Tuesday, 29 September 2015


Earlier this week it was reported that no less than four vehicles had become stranded in the sea off Burnham-On-Sea in one day, caught out by very high tides.  Unfortunately, this is a regular occurrence along this stretch of coast, which is a victim of the notorious Bristol Channel tidal range, the second highest in the world.  In Bridgwater Bay, where Burnham-On-Sea lies near the mouth of the River Parrett, there are extensive mud flats, and at low tide the sea can recede for over one and a half miles.  There was a particularly tragic incident in 2002 when a five-year-old girl died on the mud flats, and following this there was a campaign to fund an inshore rescue hovercraft.  There are now two hovercraft, named after the victim and her sister.

Flooding has been a recurring theme over the years.  The Romans once inhabited the dunes behind the river, having come here to try to reclaim the Somerset Levels.  In 1607 the town was seriously affected by a flooding event so severe that communities from Barnstaple to Gloucester were hit, as well as the entire South Wales coast.  There is a theory that the phenomenon which caused this catastrophe was actually a tsunami rather than an ordinary storm.  The sea bank at Burnham-on-Sea was breached, resulting in the inundation of around 30 villages, with attendant loss of life of humans and farm animals.  More serious flooding occurred in 1981, and following this a large concrete wall was built in a bid to prevent further disasters.
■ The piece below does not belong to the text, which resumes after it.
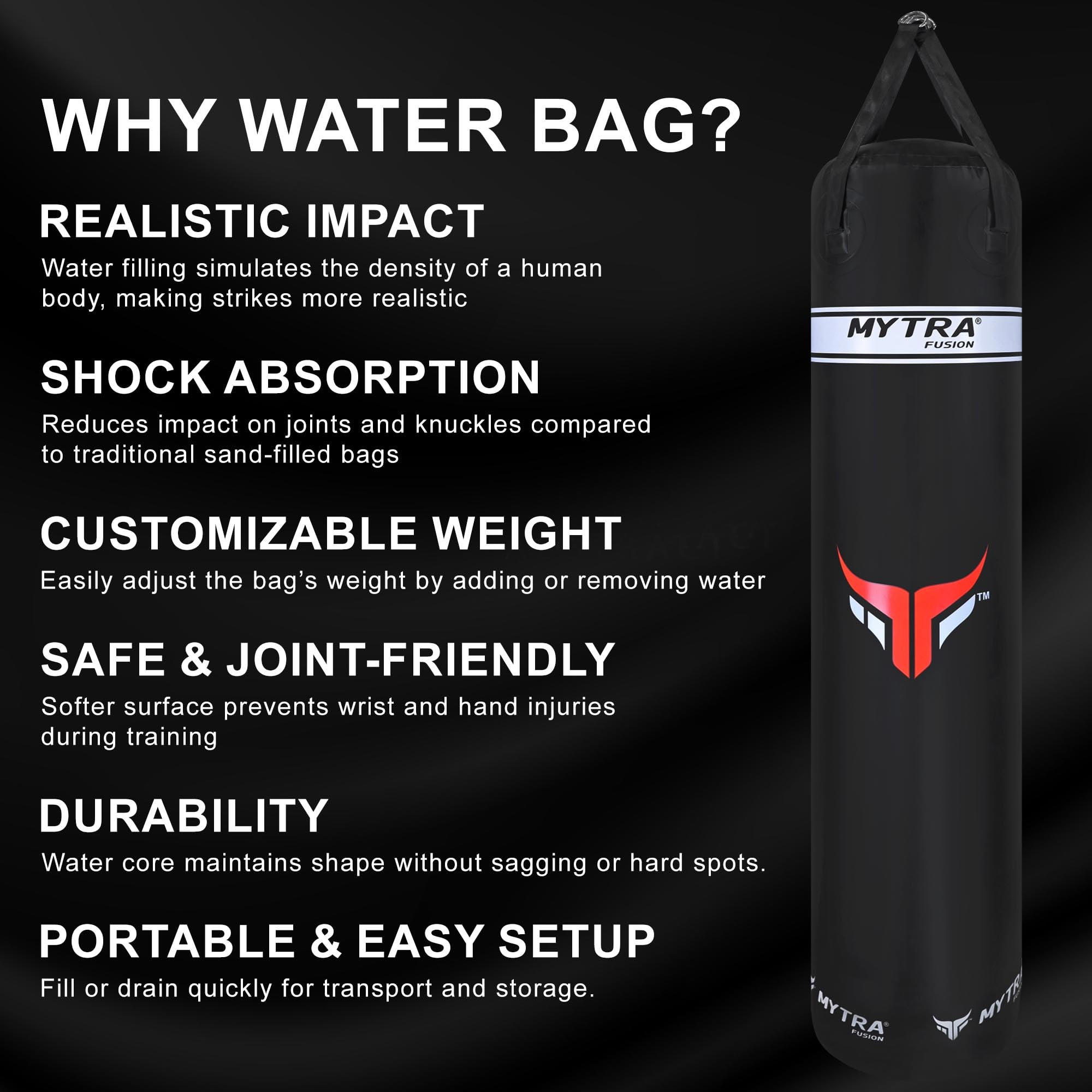 Sacco da boxe ad acqua per adulti – Nero resistente da appendere (1,5 m / 1,8 m) – Sacco da allenamento riempito d’acqua per boxe, kickboxing, MMA, Muay Thai e sollievo dallo stress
Burnham-on-Sea is a traditional family oriented resort, with sandy beaches offering donkey rides in the summer and a pier with amusements which holds the record as Britain's shortest pier.  The main beaches are Berrow Beach and Brean Beach.  Apex Park to the south of the town is a leisure and wildlife park with a variety of ducks and other waterfowl, walking trails, picnic spots and a range of activities for the kids.  Adults may want to turn to the Burnham andBerrow Golf Club for their amusement.

For a list of events in Burnham-on-Sea see here.

Webcam of the seafront and pier.

Map of the area.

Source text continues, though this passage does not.